Il convient de noter que la décision parlementaire de financer (c’est-à-dire de reconnaître) les communautés ecclésiastiques anglicanes s’inscrit dans le cadre du débat sur la loi budgétaire. Le Parlement a évalué la nécessité de financer les salaires supplémentaires dans cette optique. Par ailleurs, il n’existait pas de législation spécifique pour la reconnaissance des nouveaux cultes, que ce soit à l’époque ou aujourd’hui.[vi]

-4- Il s’agissait en 1835 d’une augmentation du budget des cultes protestants, mouvement religieux déjà considéré comme ‘reconnu’ (et financé) à l’indépendance. [vii] Le fait que le gouvernement lui-même ait vu les choses ainsi ressort à la fois de la préparation officielle[viii] précédant la reconnaissance et de la rédaction des lois de finances successives après 1835[ix], et plus encore de la classification de l’anglicanisme dans le titre II du projet de loi Tesch de 1864 (précurseur de la future loi de compromis du 4 mars 1870), chapitre intitulé “concernant le temporel du culte protestant« .[x]  Il n’y a donc pas de véritable reconnaissance nouvelle en 1835. Et en effet même en laissant de côté l’autodéfinition de l’anglicanisme, on peut constater que les communautés anglicanes locales et les autres communautés protestantes de la nouvelle Belgique ont une histoire parfois fortement enchevêtrée.[xi] La ‘reconnaissance’ des communautés anglicanes en 1835 a cependant montré que le budget des cultes, sous réserve de l’accord des Chambres, pouvait être élargi sans autre forme de procès à d’autres dénominations que celles traditionnellement présentes dans le budget, à savoir les diverses communautés protestantes existantes d’obédience luthérienne et réformée.[xii]
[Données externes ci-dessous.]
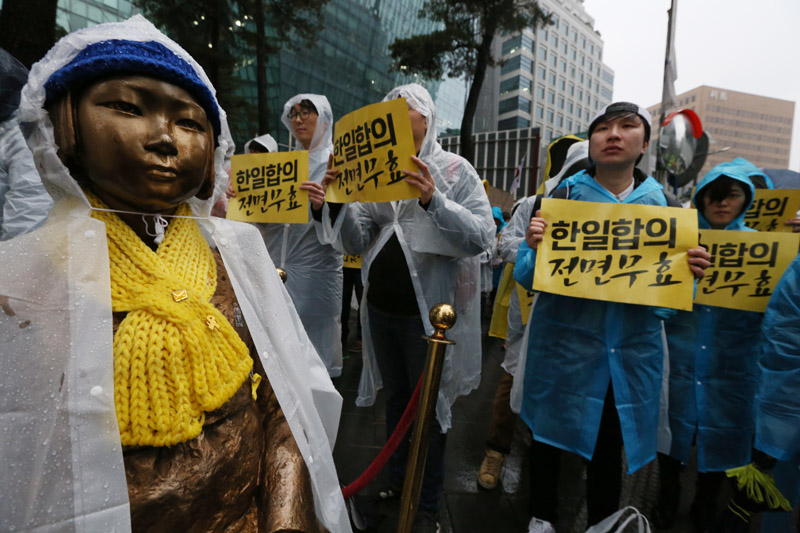 비가 내리는 가운데 13일 오후 서울 종로구 옛 주한 일본대사관 앞 소녀상에서 한일 일본군 위안부 합의 무효를 위한 대학생대책위 학생들과 시민들이 소녀상 지키기 한일합의무효 7차 토요시위에서 한일협상 전면무효를 촉구하는 내용의 피켓을 들고 있다.(자료사진)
-5- Cette ‘reconnaissance’ de 1835 est donc simplement la décision (du législateur) de financer une dénomination supplémentaire dans le cadre des cultes protestants reconnus.

Ceci est important en 2023 car, en tant que dénomination distincte reconnue à l’époque, l’anglicanisme est maintenant de plus en plus traité sur un pied d’égalité avec les religions reconnues tels que le protestantisme ou le judaïsme[xiii]  (sans avoir à répondre au critère numérique imposé plus tard dans les nouvelles reconnaissances, à savoir qu’un culte cherchant une reconnaissance légale doit avoir plusieurs dizaines de milliers d’adeptes). L’égalité de traitement des quatre cultes reconnus, telle qu’énumérée il y a 150 ans dans la loi du 4 mars sur le temporel du culte 4 mars 1870, a une portée plus large que ce que l’on aurait pu imaginer à l’époque.

-6- En 1835, la reconnaissance des communautés anglicanes est presque complète, du moins si l’on y voit l’application de ce que prévoit l’art. 181 de la Constitution; la rémunération des ministres anglicans est effectuée. Sur un point important, cependant, il y a une différence avec les paroisses catholiques et les quelques communautés protestantes reconnues qui subsistaient au moment de l’indépendance (1830). Alors que ces dernières possèdent toutes un statut juridique spécial (fabriques d’église), les anglicans en sont dépourvus. Par conséquent, les communautés anglicanes locales, en tant que communautés, ne peuvent pas posséder de bâtiments d’église en tant que propriétaires. Les communautés locales anglicanes reconnues ne sont pas les seules concernées dans cette situation, les communautés israélites le sont également[xiv]. Cette situation inégale ne disparaîtra qu’avec l’adoption de la première loi belge sur le temporel du culte, en 1870.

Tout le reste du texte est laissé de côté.